29 May, 2008 – Pernod Ricard says it will continue to focus on expanding its sales of premium products to ever more affluent consumers in emerging markets.
The drinks giant also said further acquisitions will be put on hold once its multi-billion dollar deal to take over Swedish outfit Vin & Spirit goes through so that it can reduce company debt. However, the trend towards consolidation in the drinks industry would continue, predicted its Managing Director Pierre Pringuet.
While established markets such as Europe and the US account for more than two thirds of its revenues, booming economies in China, India and particularly Russia were the three largest contributors in terms of sales expansion in MY 2007/08.
Pringuet said: "Markets like these have strong economic growth and an emerging middle class that wants access to affordable luxury."
The drinks giant estimates there may be as many as 13 million potential new customers in Russia, where there could also be a particular thirst for premium range products.
Russian sales per litre of alcohol have risen by 100% in the last five years, with the populace spending US$15 billion annually on vodka alone. Perhaps unsurprisingly, it is the world’s largest vodka market.
In March, Pernod Ricard announced it had reached an agreement to buy Swedish company Vin & Spirit for almost US$5.5 billion, whose most famous brand is the Absolut vodka range.
Pringuet said he expects the deal to be completed by the end of the summer after which Pernod may seek to add an extra brand to its portfolio at the top end of the market.

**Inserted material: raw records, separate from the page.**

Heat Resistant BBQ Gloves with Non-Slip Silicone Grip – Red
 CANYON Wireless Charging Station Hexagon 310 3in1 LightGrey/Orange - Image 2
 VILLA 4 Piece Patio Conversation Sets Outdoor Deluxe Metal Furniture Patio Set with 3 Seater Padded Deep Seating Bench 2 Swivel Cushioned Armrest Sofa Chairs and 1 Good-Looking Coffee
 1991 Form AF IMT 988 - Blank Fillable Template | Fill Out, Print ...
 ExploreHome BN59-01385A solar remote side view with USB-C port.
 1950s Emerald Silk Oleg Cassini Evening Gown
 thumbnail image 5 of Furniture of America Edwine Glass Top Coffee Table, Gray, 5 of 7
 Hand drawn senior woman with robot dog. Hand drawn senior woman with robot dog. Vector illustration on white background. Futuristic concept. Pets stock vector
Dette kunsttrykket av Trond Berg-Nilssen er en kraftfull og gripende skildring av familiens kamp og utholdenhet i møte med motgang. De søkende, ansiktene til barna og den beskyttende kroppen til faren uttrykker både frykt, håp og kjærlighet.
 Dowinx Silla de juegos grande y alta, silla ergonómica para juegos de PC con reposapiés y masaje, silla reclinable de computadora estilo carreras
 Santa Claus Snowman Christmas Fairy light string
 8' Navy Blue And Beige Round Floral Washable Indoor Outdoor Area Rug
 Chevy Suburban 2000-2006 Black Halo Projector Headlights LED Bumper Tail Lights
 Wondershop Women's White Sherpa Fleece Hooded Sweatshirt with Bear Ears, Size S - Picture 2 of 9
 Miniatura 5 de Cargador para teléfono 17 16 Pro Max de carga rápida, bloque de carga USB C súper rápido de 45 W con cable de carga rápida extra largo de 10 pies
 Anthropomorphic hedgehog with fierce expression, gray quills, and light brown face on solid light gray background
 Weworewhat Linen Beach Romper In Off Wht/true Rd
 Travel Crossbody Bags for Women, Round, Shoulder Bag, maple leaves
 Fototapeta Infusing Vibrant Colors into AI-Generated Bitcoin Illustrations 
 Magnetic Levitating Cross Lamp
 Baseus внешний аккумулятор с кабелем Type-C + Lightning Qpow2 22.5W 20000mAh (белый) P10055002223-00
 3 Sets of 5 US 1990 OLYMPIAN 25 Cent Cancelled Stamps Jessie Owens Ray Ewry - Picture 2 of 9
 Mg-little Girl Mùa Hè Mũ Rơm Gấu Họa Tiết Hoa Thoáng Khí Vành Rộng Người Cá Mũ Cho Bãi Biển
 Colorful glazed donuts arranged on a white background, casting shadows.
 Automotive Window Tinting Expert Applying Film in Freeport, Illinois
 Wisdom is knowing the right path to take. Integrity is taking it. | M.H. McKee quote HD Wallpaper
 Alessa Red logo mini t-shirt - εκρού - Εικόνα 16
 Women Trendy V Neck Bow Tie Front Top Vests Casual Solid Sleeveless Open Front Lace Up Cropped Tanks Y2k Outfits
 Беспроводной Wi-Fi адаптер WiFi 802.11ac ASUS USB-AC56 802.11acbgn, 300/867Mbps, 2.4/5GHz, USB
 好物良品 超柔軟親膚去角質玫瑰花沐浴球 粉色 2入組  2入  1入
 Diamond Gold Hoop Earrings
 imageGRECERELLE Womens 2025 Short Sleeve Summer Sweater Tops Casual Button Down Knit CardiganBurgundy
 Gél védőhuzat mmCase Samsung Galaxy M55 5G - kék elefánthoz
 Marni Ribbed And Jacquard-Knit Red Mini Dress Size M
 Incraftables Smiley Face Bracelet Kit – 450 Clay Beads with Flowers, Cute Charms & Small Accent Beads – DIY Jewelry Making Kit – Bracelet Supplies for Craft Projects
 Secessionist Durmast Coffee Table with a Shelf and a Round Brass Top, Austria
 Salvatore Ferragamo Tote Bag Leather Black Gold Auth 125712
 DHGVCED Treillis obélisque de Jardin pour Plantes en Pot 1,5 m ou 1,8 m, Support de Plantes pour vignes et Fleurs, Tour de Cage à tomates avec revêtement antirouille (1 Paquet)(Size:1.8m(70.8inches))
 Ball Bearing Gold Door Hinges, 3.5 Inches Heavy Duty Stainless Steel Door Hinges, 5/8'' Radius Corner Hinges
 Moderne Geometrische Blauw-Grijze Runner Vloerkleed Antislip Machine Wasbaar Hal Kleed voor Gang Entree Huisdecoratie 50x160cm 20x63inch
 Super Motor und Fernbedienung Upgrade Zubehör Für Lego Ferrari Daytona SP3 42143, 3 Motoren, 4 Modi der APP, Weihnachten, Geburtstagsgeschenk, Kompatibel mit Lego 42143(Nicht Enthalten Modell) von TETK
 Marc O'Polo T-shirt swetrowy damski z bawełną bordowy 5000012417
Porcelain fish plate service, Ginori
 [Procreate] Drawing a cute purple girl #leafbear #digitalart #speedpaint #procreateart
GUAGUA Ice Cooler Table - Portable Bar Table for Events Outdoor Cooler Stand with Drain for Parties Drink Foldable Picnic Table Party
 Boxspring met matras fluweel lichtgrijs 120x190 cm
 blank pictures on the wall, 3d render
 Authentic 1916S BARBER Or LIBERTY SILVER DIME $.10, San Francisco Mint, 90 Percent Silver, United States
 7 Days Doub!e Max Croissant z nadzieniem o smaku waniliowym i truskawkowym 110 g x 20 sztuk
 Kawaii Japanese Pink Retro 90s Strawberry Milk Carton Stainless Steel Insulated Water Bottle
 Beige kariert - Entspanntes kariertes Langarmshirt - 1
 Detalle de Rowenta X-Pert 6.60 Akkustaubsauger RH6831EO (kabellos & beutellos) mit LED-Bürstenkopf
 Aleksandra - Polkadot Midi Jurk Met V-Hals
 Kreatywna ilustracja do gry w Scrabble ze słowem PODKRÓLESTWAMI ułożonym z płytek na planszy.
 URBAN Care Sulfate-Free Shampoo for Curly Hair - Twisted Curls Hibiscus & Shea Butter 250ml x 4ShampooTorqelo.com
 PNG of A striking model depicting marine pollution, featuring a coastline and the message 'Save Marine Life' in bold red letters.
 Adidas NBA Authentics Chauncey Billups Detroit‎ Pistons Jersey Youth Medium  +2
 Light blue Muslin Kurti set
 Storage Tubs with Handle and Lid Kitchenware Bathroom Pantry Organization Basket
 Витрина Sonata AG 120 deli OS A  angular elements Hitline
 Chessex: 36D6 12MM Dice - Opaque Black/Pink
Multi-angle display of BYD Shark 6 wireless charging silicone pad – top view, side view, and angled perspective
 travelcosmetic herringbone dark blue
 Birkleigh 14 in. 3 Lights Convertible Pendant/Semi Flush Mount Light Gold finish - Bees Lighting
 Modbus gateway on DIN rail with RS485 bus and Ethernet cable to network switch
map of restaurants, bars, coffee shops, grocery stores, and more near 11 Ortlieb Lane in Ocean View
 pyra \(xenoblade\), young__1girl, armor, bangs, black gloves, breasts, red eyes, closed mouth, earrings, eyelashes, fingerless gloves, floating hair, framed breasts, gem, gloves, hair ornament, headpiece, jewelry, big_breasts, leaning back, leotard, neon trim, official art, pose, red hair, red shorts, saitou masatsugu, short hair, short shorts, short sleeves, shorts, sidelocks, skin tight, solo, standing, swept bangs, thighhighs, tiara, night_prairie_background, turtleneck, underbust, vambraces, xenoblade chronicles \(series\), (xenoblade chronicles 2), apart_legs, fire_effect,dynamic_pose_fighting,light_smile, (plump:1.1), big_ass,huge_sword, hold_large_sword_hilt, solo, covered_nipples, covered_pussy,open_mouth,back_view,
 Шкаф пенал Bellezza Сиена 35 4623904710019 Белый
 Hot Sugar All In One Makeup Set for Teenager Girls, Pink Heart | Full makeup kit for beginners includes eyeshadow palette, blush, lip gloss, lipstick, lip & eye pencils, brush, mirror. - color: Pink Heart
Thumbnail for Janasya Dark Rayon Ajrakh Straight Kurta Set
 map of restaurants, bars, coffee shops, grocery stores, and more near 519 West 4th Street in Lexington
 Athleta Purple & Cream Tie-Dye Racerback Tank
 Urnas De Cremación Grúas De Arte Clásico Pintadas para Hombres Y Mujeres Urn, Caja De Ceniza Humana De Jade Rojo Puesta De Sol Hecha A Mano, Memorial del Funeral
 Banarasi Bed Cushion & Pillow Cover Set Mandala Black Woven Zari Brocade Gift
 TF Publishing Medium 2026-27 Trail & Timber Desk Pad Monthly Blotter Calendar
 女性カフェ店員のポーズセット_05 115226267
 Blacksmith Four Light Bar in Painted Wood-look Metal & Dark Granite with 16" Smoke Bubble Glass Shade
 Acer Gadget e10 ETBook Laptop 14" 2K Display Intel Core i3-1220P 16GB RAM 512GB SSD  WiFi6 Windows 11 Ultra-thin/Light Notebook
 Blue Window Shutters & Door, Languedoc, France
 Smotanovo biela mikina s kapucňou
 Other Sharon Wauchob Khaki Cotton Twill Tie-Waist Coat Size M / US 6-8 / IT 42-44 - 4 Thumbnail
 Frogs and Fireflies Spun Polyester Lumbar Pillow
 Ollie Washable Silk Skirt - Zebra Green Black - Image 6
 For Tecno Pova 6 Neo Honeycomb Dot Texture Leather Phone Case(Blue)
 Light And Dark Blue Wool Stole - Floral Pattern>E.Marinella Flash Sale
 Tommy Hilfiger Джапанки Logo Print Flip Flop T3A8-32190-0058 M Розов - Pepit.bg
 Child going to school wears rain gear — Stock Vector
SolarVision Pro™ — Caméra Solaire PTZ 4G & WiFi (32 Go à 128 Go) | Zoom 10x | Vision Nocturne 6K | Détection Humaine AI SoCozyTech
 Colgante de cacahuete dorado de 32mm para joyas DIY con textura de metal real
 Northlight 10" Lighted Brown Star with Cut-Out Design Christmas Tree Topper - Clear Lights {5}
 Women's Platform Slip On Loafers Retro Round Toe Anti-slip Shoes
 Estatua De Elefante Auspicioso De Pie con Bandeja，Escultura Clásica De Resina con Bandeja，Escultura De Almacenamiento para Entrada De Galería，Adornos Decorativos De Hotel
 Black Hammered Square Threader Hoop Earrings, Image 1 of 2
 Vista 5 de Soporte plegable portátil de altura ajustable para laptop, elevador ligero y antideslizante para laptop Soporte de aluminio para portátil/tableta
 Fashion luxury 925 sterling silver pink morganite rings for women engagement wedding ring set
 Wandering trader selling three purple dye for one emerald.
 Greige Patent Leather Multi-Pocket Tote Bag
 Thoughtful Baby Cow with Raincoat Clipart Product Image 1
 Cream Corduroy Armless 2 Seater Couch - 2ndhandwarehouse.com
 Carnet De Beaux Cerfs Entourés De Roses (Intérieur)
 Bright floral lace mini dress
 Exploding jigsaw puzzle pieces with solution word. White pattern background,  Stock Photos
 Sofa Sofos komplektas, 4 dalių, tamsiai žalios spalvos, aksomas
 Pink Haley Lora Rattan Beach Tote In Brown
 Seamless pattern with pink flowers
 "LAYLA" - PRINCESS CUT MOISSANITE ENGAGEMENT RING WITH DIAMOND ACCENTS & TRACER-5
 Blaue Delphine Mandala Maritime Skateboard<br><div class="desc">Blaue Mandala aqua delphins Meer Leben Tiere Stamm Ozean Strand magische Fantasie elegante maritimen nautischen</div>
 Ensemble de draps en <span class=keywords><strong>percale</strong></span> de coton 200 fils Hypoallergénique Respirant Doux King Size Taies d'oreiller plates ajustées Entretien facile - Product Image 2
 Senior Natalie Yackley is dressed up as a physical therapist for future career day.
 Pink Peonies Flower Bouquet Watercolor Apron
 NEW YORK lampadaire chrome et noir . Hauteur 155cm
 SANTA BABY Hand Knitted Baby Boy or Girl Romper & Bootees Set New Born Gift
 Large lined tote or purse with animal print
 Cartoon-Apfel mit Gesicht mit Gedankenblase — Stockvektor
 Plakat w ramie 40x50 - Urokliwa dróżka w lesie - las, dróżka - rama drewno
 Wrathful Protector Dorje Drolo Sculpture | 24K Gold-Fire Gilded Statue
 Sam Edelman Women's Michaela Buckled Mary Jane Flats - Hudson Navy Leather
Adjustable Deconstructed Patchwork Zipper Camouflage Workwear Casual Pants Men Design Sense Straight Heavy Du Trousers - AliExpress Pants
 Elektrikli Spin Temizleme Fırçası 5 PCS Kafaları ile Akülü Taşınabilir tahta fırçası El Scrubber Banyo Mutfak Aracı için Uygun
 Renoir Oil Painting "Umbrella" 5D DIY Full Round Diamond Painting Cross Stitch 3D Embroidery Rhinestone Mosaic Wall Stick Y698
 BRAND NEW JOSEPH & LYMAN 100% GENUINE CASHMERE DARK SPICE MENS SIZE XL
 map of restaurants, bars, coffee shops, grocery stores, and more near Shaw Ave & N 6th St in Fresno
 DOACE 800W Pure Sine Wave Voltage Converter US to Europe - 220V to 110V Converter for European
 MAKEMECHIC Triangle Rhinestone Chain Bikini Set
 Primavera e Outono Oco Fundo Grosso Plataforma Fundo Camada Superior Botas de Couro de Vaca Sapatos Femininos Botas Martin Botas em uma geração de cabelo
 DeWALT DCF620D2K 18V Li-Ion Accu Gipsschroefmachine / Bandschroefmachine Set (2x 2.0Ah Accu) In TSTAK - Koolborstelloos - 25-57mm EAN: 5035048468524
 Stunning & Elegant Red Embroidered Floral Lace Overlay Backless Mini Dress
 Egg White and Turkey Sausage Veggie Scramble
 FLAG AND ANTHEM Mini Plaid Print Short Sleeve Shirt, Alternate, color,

"It's too early to say, but there's certainly room for a super premium vodka in the Absolut range," Pringuet said.
Russian investment experts have said the country’s premium segment is set to experience fastest growth, more than doubling its current share to 6% in the medium term.
The Pernod Ricard chief added that with the acquisition of Absolut, the company was highly satisfied with its portfolio and had no immediate plans for further buy outs. Instead, it intended on concentrating on reducing the US$11.5 billion debt it has built up – partly through financing the Vin & Spirit deal.
"It's difficult to find any cause for disappointment in the portfolio,” he said.
“In the immediate future we're going to focus on paying down debt," he said, adding that the consolidation of the drinks market will continue.